In the rigging it was round after round of Chuffy cutting at the cannibal and her threatening to roast and eat his <face, thighs, buttocks, lips, intestines, nipples>. As a rogue he had a good touch AC, but she was hitting him 1/3 rounds and doing a lot of damage each time. He was hitting her half the time but his damage was 1d4 and she was made of hit points.
Finally he stabbed her and brought her to 0 hp! Everyone cheered! And she used her staggered action to drink a potion of healing. Everyone shrieked! Then they fought another couple rounds. He stabbed her right in the same place and brought her to 0 hp! Everyone cheered again! And she used her staggered action to drink another potion of healing (she had three!). Everyone shrieked again! Then more fighting. Finally he hit her enough to take her to -1. I said, “You stab her in the chest again right in the same place! She pulls out another healing potion to drink it. But then you twist your dogslicer and she sprays blood out of her mouth and falls to the deck below!”
Everyone was psyched. The combat went long enough that the players of the dead/unconscious goblins were wandering around and looking at books and miniatures and not paying a huge amount of attention for a while, but once the “She’s at zero… Now she’s not!” started they came back and were glued to the action.
The frog ran off and Chuffy managed to scrape together enough healing to get the three non-dead goblins mobile. They were all happy Mogmarch was dead, but gave him a good sendoff by strapping his body to a skyrocket and shooting it off. “He died as he lived,” they remarked as he exploded for the last time.

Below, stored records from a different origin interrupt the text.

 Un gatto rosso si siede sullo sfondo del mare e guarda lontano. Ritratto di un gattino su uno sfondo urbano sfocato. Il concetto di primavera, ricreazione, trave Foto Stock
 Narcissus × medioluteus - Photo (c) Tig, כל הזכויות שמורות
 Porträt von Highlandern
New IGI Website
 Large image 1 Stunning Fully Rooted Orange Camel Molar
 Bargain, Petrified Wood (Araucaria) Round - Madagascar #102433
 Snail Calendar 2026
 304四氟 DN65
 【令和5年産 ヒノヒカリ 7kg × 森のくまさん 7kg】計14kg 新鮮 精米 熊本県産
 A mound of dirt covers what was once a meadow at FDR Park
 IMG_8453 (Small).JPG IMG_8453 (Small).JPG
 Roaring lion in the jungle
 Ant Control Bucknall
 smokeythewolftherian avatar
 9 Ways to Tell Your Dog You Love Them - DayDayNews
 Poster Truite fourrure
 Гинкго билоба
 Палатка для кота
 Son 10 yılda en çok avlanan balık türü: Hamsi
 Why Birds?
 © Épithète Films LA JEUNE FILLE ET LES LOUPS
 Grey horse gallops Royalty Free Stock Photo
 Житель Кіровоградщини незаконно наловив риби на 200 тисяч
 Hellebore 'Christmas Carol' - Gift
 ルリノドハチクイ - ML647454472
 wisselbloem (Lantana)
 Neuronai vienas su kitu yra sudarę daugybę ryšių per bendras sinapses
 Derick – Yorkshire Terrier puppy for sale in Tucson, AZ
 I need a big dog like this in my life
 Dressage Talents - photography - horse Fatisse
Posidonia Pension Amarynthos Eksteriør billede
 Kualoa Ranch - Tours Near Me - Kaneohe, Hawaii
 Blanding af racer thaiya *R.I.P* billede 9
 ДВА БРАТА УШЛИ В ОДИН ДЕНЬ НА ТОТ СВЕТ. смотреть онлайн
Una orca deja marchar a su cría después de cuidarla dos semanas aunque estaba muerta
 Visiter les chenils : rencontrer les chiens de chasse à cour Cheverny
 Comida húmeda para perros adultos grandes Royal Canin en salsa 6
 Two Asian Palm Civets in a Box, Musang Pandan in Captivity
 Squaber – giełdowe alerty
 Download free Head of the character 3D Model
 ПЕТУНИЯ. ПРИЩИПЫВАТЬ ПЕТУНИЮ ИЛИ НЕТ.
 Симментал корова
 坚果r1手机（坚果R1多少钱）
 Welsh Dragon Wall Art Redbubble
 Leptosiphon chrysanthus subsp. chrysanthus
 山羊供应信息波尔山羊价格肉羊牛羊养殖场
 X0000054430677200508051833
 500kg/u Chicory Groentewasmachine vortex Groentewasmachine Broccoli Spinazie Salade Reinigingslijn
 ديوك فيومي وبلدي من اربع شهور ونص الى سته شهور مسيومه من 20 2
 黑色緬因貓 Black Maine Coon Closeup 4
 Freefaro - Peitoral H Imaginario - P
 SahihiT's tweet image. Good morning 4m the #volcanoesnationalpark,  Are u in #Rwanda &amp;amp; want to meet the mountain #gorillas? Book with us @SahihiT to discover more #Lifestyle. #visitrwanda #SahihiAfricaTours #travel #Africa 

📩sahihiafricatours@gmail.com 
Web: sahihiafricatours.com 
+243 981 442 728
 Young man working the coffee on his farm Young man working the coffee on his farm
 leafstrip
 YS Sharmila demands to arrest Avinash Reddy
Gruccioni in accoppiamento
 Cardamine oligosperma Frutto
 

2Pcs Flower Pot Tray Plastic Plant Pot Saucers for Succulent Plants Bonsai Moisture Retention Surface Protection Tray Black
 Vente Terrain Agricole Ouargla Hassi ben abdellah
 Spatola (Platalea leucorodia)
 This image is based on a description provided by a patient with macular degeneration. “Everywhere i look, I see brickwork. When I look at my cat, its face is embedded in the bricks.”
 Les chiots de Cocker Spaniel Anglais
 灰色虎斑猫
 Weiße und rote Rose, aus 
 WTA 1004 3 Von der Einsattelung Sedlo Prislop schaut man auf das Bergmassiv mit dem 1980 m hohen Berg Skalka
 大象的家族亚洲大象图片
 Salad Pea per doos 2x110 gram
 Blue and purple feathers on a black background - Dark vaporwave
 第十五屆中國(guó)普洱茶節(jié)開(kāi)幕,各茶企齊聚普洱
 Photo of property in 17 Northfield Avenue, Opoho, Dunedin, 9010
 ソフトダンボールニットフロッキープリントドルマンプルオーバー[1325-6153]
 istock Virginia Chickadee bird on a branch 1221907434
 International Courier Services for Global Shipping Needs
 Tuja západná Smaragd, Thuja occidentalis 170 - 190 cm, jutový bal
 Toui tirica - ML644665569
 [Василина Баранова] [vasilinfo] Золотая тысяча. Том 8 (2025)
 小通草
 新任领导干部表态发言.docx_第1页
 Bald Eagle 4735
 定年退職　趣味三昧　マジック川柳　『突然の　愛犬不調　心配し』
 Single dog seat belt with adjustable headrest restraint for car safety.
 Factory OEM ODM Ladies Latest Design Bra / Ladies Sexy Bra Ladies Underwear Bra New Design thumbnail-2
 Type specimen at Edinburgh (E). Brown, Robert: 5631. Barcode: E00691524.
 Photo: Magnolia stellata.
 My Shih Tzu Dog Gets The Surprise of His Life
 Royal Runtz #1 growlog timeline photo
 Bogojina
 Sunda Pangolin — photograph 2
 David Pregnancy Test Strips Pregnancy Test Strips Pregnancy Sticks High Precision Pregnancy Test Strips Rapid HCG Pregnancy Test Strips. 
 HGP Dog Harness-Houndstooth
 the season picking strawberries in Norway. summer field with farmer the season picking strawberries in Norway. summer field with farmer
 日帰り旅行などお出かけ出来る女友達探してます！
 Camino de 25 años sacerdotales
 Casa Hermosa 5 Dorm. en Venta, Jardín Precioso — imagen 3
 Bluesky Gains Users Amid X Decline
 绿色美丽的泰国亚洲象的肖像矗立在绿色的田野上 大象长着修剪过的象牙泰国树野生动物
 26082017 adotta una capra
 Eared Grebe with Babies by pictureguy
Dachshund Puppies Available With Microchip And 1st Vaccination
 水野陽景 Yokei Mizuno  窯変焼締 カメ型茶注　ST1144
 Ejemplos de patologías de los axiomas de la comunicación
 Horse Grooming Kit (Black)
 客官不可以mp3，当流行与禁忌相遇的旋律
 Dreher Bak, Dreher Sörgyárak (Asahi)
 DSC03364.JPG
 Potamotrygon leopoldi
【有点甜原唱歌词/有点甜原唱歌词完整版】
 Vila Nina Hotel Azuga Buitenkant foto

As usual goblin looting is a frenzy of who can make initiative and Perception checks first. In true goblin style every time they were looting it was free for all – even when the chief gave them fireworks it was initiative for each person to grab something they liked. Chuffy found a crystal flask shaped like a heart, which even 12 year olds immediately identified as a love potion. This was awesome because when they went back, the Chief declared that Chuffy, who had clearly been the bravest in the whole thing, was to wed his daughter—the fearsomely corpulent and ferociously lusty Gupy Wartbits. “DRINK THE POTION!” counseled his friends, and he chugged it down. “Sounds great! When’s the wedding?” Poog declared his intent to take Mogmarch’s stuff and wife and burn down his hut, which caused Mogmarch’s player to strangle him around the neck, but that was all quelled by some parental scolding.
It ran about 5 hours, 2 to 7 PM. This would make a great con module and is certainly a good introduction for kids new to the game – they loved it, and only a couple had any experience with the rules.
The only downside there was that 3.5/PF is so frickin complicated, I tried to keep it simple but even in this adventure there’s a lot of touch ACing and poisoning and splash damage and… Ah, for a true Basic D&D again (and no, those 4e/PF box sets don’t count, they are still 100% more complex than Basic). The dad is torn on whether to try to just get old Basic stuff and have them play it, but that’s hard to get much of nowadays.
He talked to me about 5e, his take is a lot like mine in that it seems “OK” but they’re not resisting the urge to overcomplicate the base game and he hasn’t seen anything about the playtest that has that spark that says “Cool I want to play this specifically.” So he’s trying to set his son and his friends up for some good gaming, but is at a crossroads there. They all had a really good time, mostly paid attention the whole way through, and left excited to go to the game store and buy minis, so mission accomplished I reckon!